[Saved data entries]

--- START ---

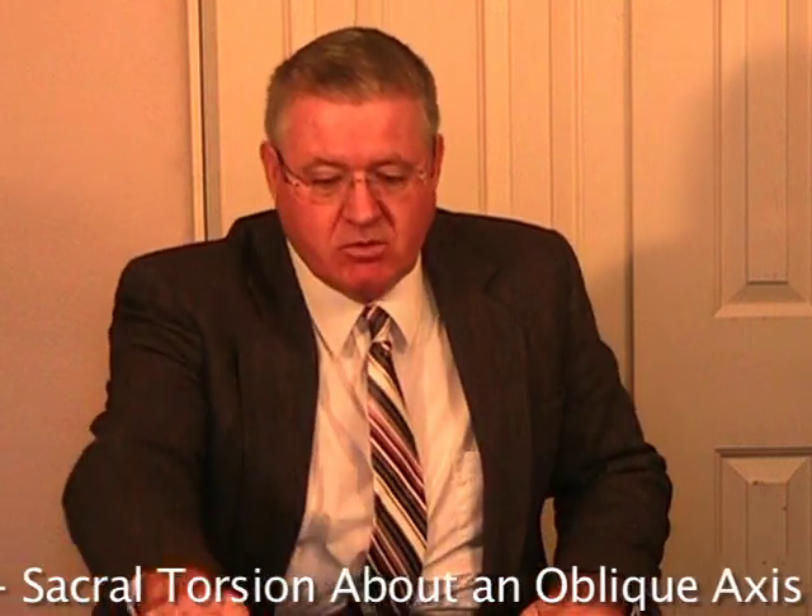Hi, my name is Jerry Hesch. I'm a physical therapist and a manual therapist. I do joint treatment and I utilize a technique that I've developed over 30 years called the Hesch Method.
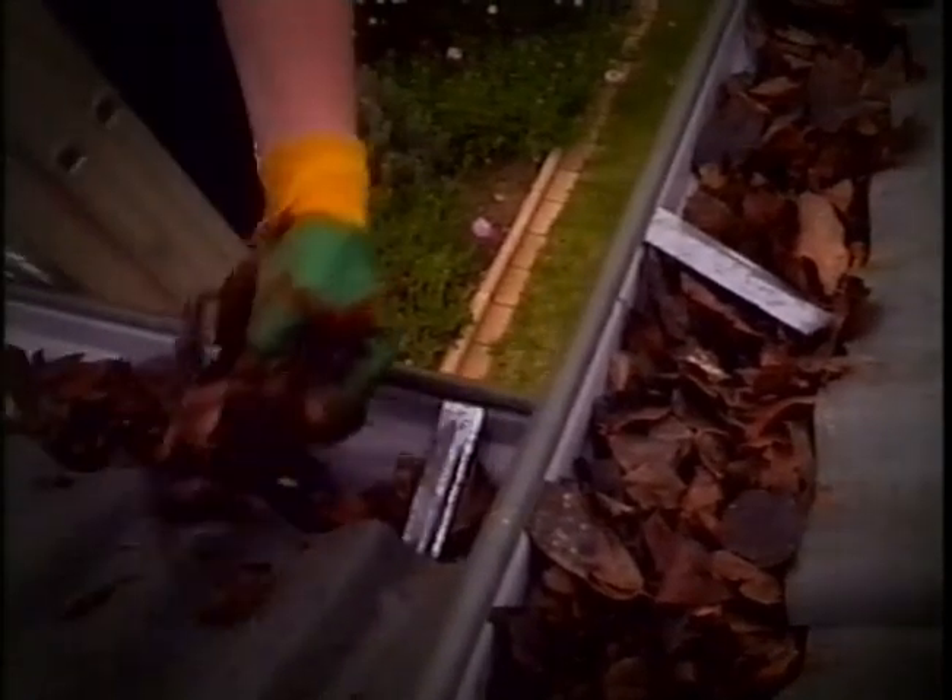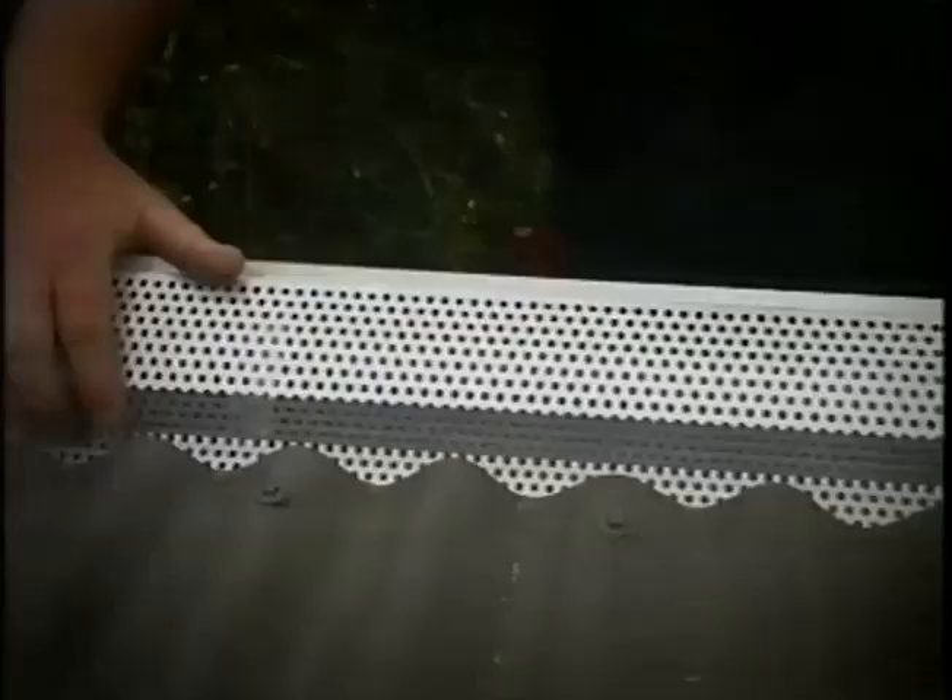a simple economical device to keep gutters and downpipes clear of obstructions. Made of sturdy steel, Watergate won't crack or buckle during operation, and you don't need to be a professional to install it.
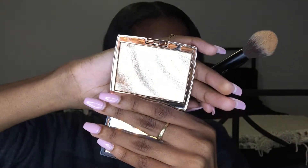Then I took my contour kit and used the same two colors I always use, and just started bronzing my face — not really contouring, more bronzing. I'm still looking for a new bronzer but for now this will do. Then to highlight, I use my Amrezy highlighter and highlighted mostly my cheeks and my nose, and that's about it.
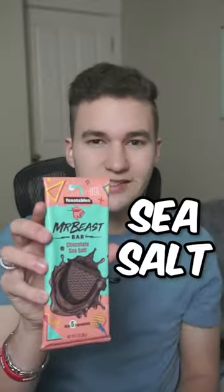Are Mr. B's chocolate bars actually good? Well, let's go ahead and find out. We have two flavors, which is the almond and the sea salt. I had all the other flavors, but I already ate all of them.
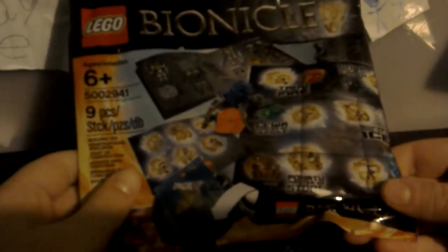Hey everyone, this is Christian, and today I'm reviewing this Lego Bionicles polybag set, which is a polybag that has not just Lego but some cool stuff as well.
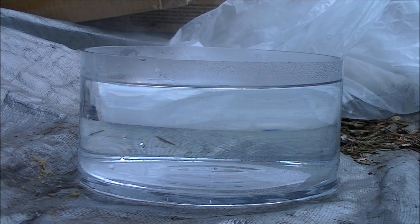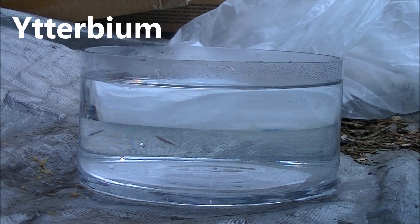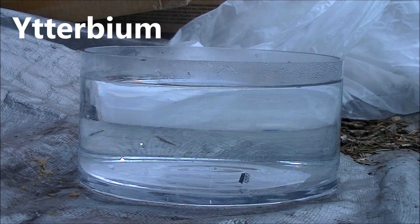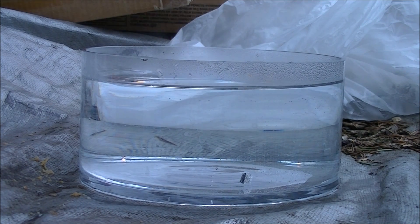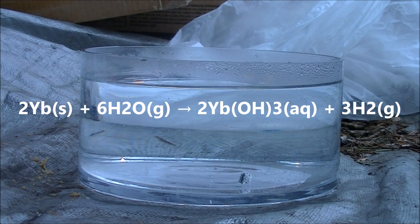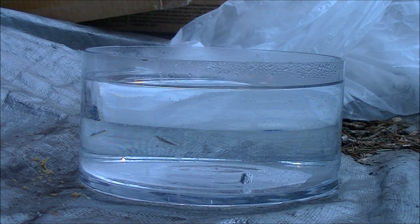Seeing as how the first series of the transition metals turned out to be really underwhelming, I decided to include a bonus — ytterbium, the lanthanide that's most similar to the scandium family. As was explained before, ytterbium is not a group 3 element, but it is very similar to them, and as you can see, it behaves very similarly in water with an extremely slow reaction.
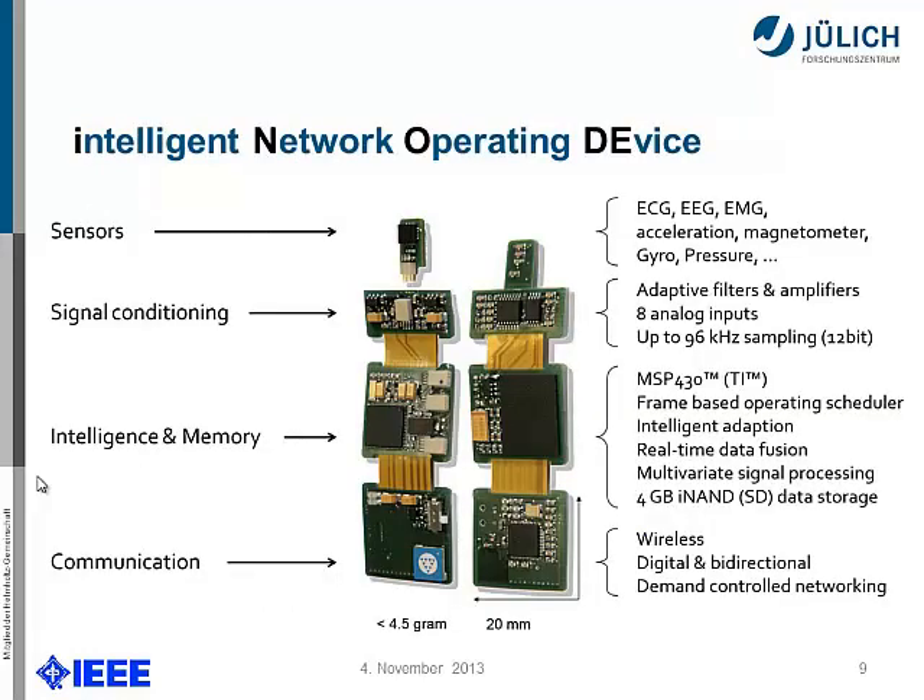Here's the DAQ platform we have been using for several years. We have sensors on top; we've already implemented many sensor front-ends including ECG, EMG, and all standard sensor front-ends — gyro and intelligent sensors. After that we have signal conditioning providing different voltages, and the central intelligence: a Texas Instruments MSP430 for low power. We have flash memory on the backside and can use a micro SD card, so it's very flexible. At the bottom we have the wireless unit using an IEEE 802.15.4 standard device.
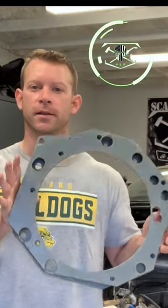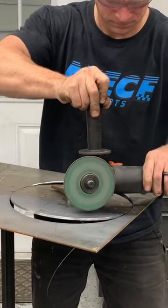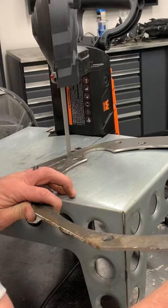The finished product of an adapter plate to put any engine to any transmission. Make the templates for the transmission and engine size. Cut and drill as required.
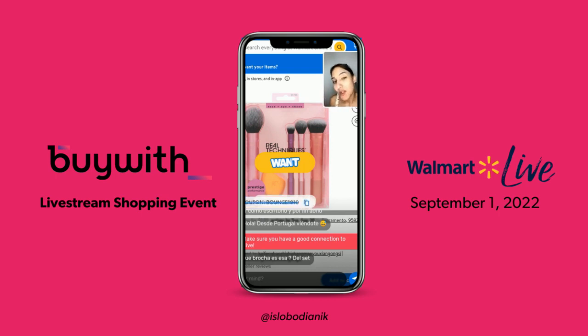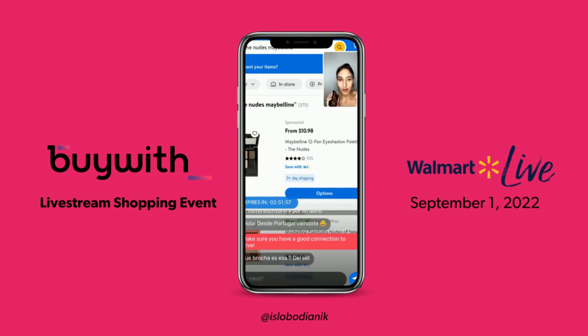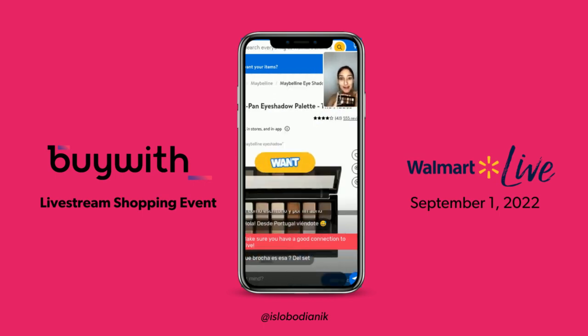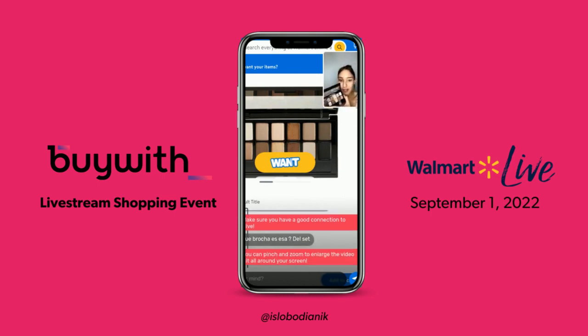Once we have that, we can jump into our palette. I'm going to be using the Nudes by Maybelline. This one is super cheap — it only costs $10 — and you have literally all the colors to achieve the perfect smokey eye. You do not need anything else. Esto es más que suficiente para lograr ese smokey eye perfecto.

--- END ---

» Exercise details
When pictures appear among the entries, skip them and copy all remaining text precisely.

» Exercise output
Hi, my name is Jerry Hesch. I'm a physical therapist and a manual therapist. I do joint treatment and I utilize a technique that I've developed over 30 years called the Hesch Method.
a simple economical device to keep gutters and downpipes clear of obstructions. Made of sturdy steel, Watergate won't crack or buckle during operation, and you don't need to be a professional to install it.
Then I took my contour kit and used the same two colors I always use, and just started bronzing my face — not really contouring, more bronzing. I'm still looking for a new bronzer but for now this will do. Then to highlight, I use my Amrezy highlighter and highlighted mostly my cheeks and my nose, and that's about it.
Are Mr. B's chocolate bars actually good? Well, let's go ahead and find out. We have two flavors, which is the almond and the sea salt. I had all the other flavors, but I already ate all of them.
Hey everyone, this is Christian, and today I'm reviewing this Lego Bionicles polybag set, which is a polybag that has not just Lego but some cool stuff as well.
Seeing as how the first series of the transition metals turned out to be really underwhelming, I decided to include a bonus — ytterbium, the lanthanide that's most similar to the scandium family. As was explained before, ytterbium is not a group 3 element, but it is very similar to them, and as you can see, it behaves very similarly in water with an extremely slow reaction.
Here's the DAQ platform we have been using for several years. We have sensors on top; we've already implemented many sensor front-ends including ECG, EMG, and all standard sensor front-ends — gyro and intelligent sensors. After that we have signal conditioning providing different voltages, and the central intelligence: a Texas Instruments MSP430 for low power. We have flash memory on the backside and can use a micro SD card, so it's very flexible. At the bottom we have the wireless unit using an IEEE 802.15.4 standard device.
The finished product of an adapter plate to put any engine to any transmission. Make the templates for the transmission and engine size. Cut and drill as required.
Once we have that, we can jump into our palette. I'm going to be using the Nudes by Maybelline. This one is super cheap — it only costs $10 — and you have literally all the colors to achieve the perfect smokey eye. You do not need anything else. Esto es más que suficiente para lograr ese smokey eye perfecto.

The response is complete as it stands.